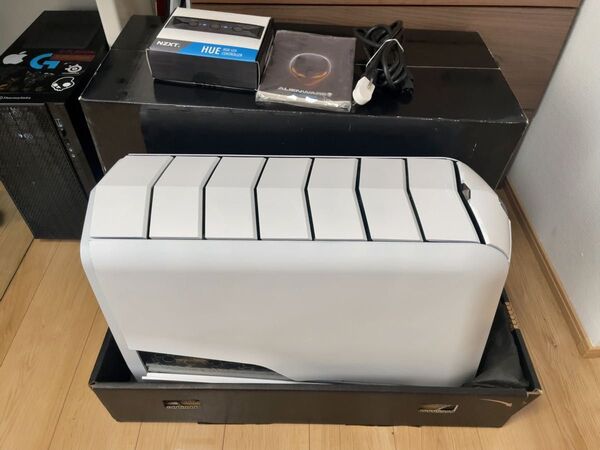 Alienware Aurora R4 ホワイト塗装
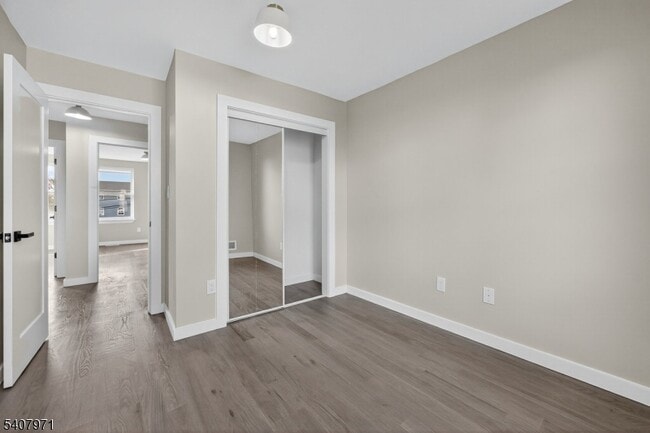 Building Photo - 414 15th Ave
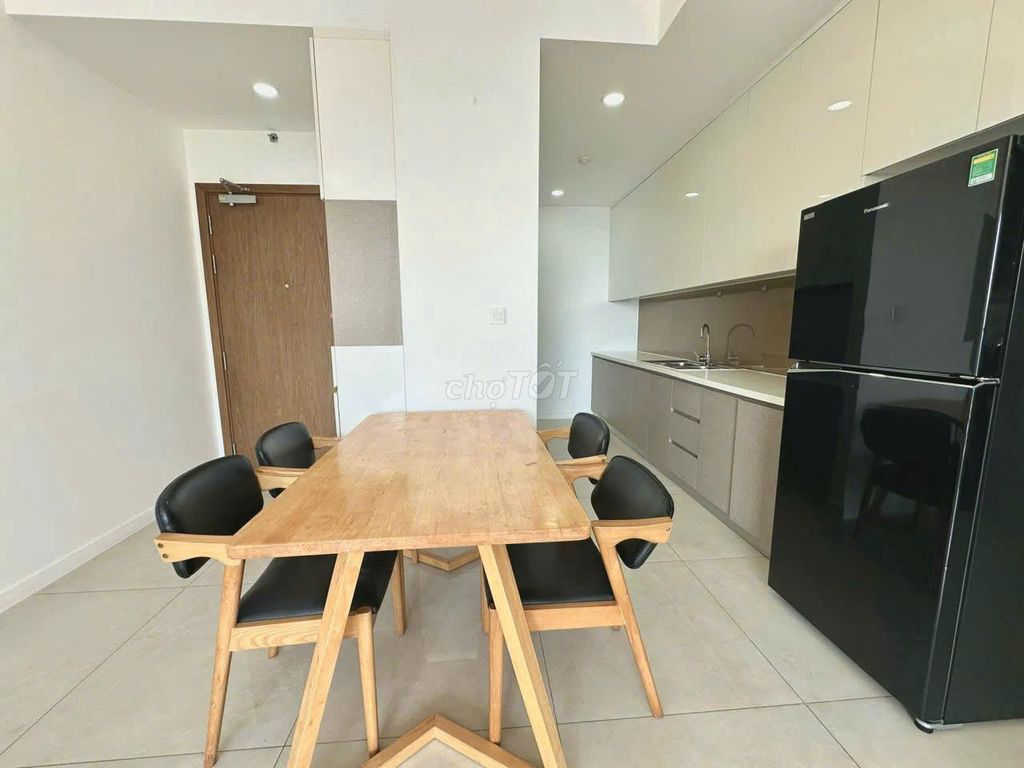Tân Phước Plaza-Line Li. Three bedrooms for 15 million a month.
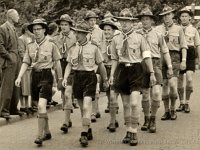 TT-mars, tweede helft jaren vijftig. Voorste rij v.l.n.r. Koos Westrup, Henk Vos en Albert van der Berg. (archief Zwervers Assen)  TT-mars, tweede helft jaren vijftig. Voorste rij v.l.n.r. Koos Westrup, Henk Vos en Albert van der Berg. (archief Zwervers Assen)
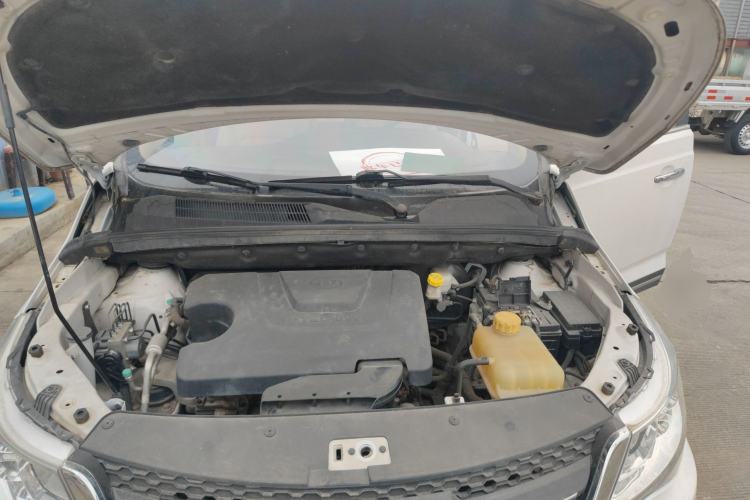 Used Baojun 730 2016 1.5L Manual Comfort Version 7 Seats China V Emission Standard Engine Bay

### Task to carry out
Beginning at the line above that contains "Building Photo - 414 15th Ave" and going on through the line that contains "Tân Phước Plaza-Line", please copy every line exactly, leaving the pictures out and adding nothing.

### Written solution
 Building Photo - 414 15th Ave
Tân Phước Plaza-Line Li. Three bedrooms for 15 million a month.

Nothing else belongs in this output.